> TASK ITEM
The listing below holds a line with "330 Riverside Crescent" and a line with "AIJAZ ASLAM Sylver". Reproduce those two lines exactly, plus everything between them.

> TASK INPUTS
========================================================================

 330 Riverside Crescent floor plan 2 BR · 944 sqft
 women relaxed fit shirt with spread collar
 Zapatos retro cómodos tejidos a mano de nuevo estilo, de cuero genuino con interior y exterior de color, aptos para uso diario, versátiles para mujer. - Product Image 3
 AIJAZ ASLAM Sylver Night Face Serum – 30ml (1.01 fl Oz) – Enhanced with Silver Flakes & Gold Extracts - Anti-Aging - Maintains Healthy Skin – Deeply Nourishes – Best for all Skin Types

========================================================================

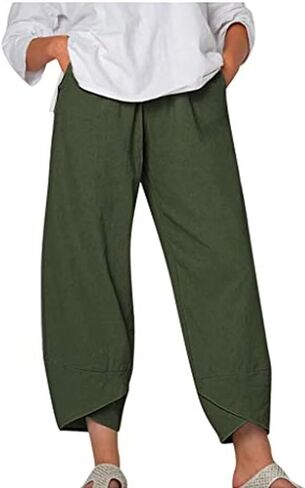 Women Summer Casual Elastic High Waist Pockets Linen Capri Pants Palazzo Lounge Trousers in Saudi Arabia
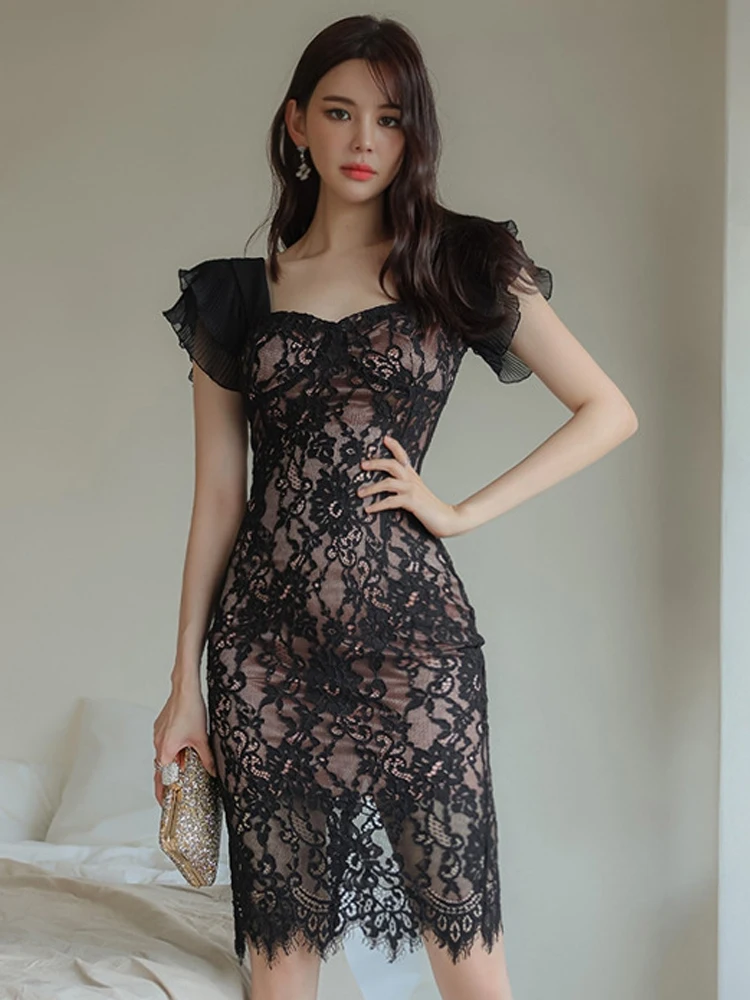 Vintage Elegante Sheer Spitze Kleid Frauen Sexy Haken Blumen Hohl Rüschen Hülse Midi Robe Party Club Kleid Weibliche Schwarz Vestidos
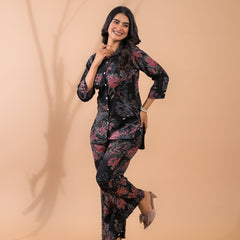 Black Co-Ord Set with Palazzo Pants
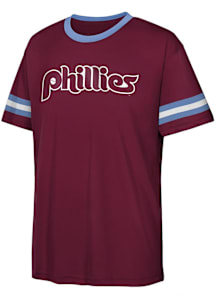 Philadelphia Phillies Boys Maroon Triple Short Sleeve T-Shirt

========================================================================

> RESULT FOR THIS TASK
 330 Riverside Crescent floor plan 2 BR · 944 sqft
 women relaxed fit shirt with spread collar
 Zapatos retro cómodos tejidos a mano de nuevo estilo, de cuero genuino con interior y exterior de color, aptos para uso diario, versátiles para mujer. - Product Image 3
 AIJAZ ASLAM Sylver Night Face Serum – 30ml (1.01 fl Oz) – Enhanced with Silver Flakes & Gold Extracts - Anti-Aging - Maintains Healthy Skin – Deeply Nourishes – Best for all Skin Types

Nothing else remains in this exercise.